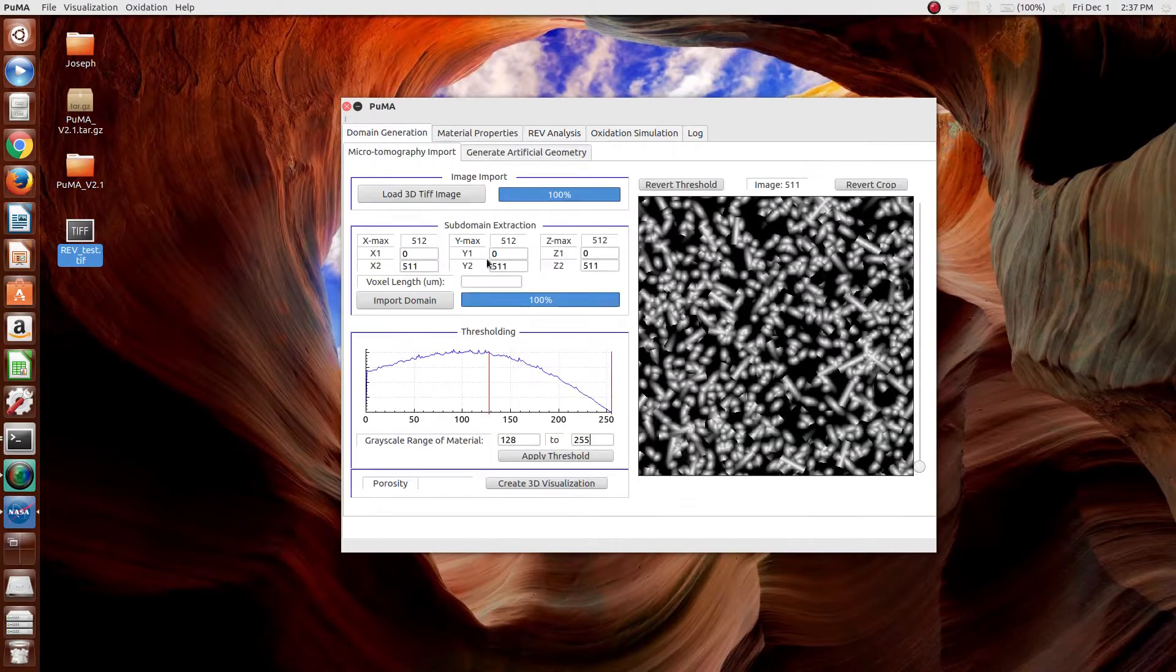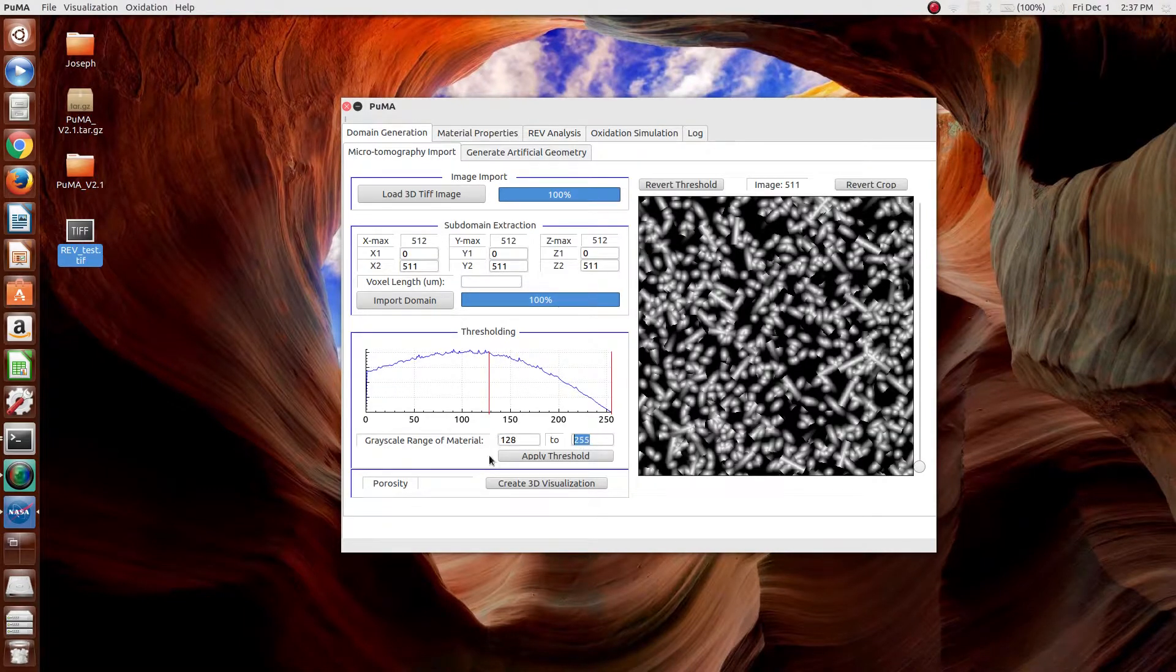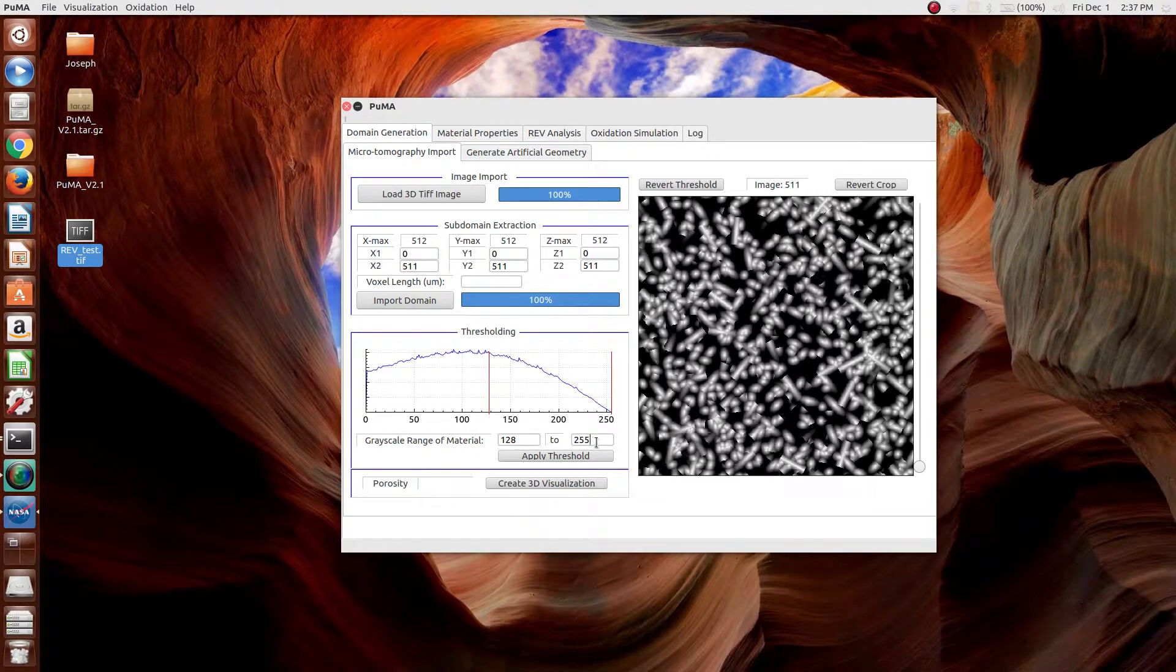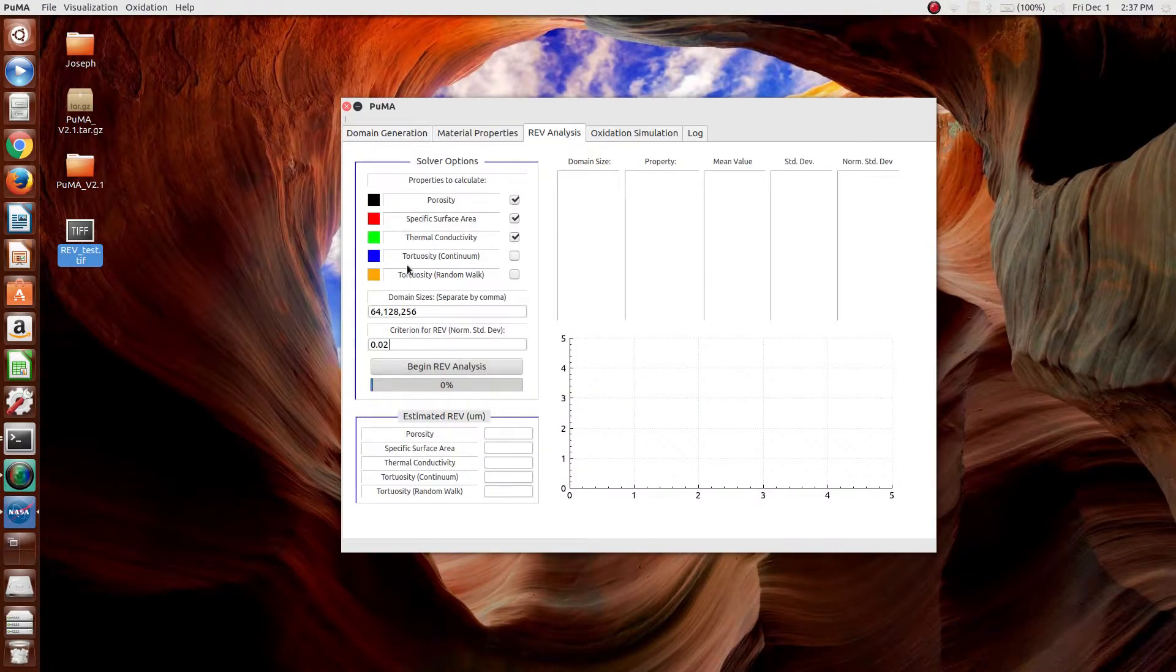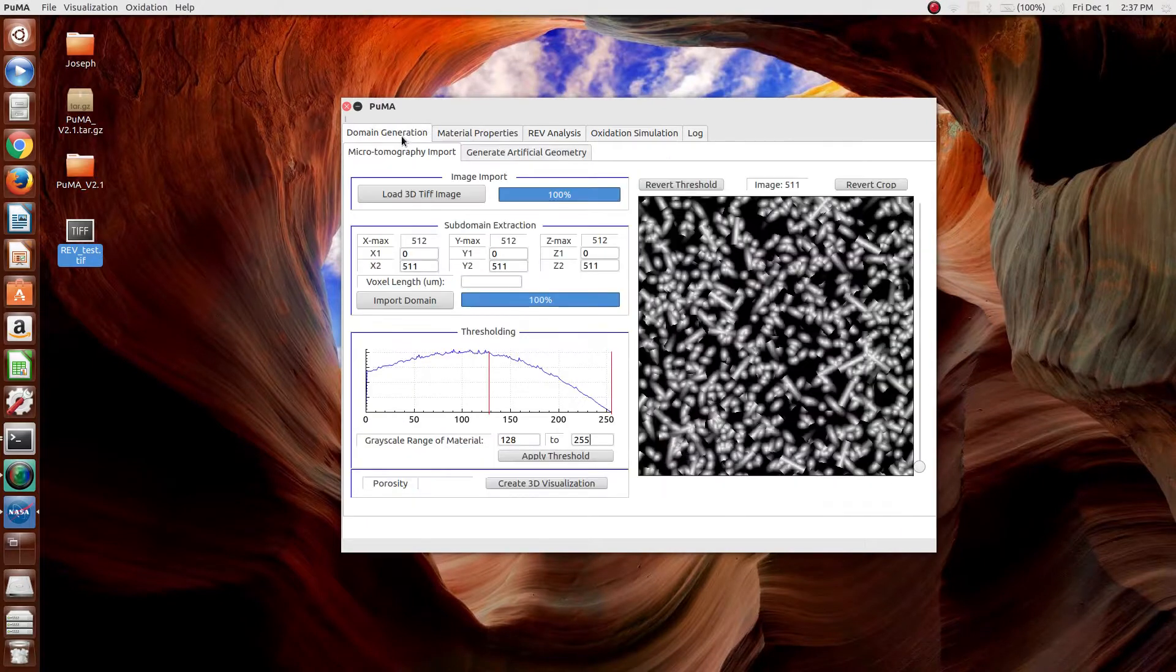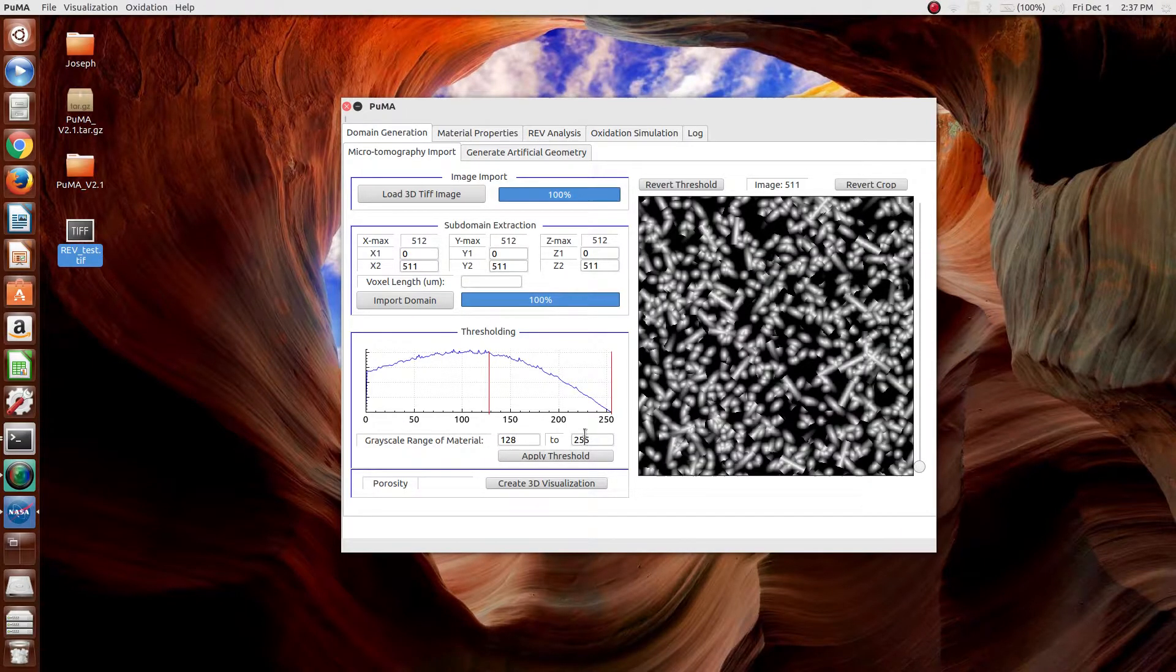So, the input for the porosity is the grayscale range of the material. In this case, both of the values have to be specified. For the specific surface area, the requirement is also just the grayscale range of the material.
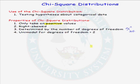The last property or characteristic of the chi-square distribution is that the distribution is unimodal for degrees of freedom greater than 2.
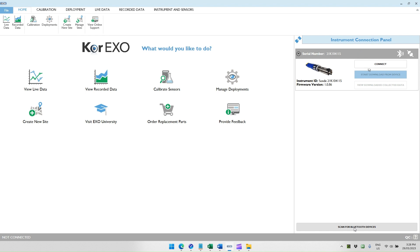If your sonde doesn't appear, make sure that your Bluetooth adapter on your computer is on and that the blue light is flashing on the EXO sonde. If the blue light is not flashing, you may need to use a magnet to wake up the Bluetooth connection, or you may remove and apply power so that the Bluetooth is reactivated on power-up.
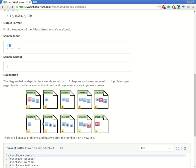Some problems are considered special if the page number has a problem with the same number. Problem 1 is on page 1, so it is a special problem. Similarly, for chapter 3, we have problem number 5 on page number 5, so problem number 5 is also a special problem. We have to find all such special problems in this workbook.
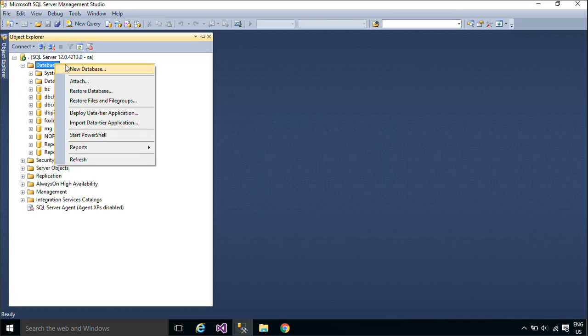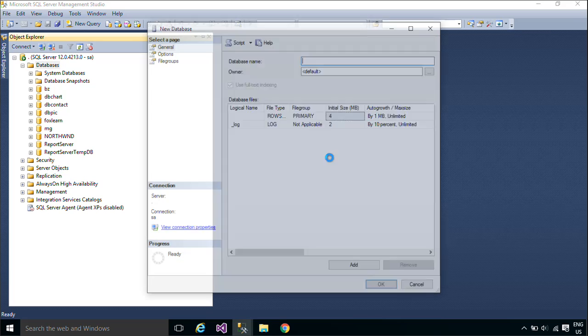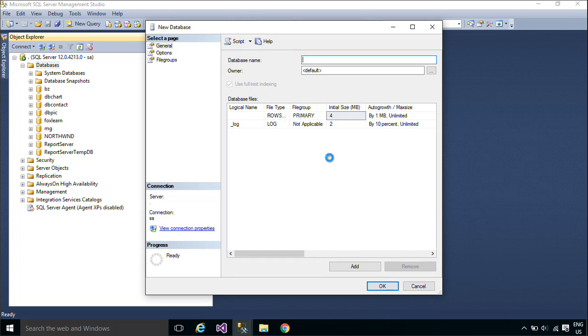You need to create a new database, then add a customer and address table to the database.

···

> REQUIRED ACTION:
Keep the pictures out and write out the records exactly.

> YOUR SOLUTION:
So, the input for the porosity is the grayscale range of the material. In this case, both of the values have to be specified. For the specific surface area, the requirement is also just the grayscale range of the material.
The last property or characteristic of the chi-square distribution is that the distribution is unimodal for degrees of freedom greater than 2.
If your sonde doesn't appear, make sure that your Bluetooth adapter on your computer is on and that the blue light is flashing on the EXO sonde. If the blue light is not flashing, you may need to use a magnet to wake up the Bluetooth connection, or you may remove and apply power so that the Bluetooth is reactivated on power-up.
Some problems are considered special if the page number has a problem with the same number. Problem 1 is on page 1, so it is a special problem. Similarly, for chapter 3, we have problem number 5 on page number 5, so problem number 5 is also a special problem. We have to find all such special problems in this workbook.
You need to create a new database, then add a customer and address table to the database.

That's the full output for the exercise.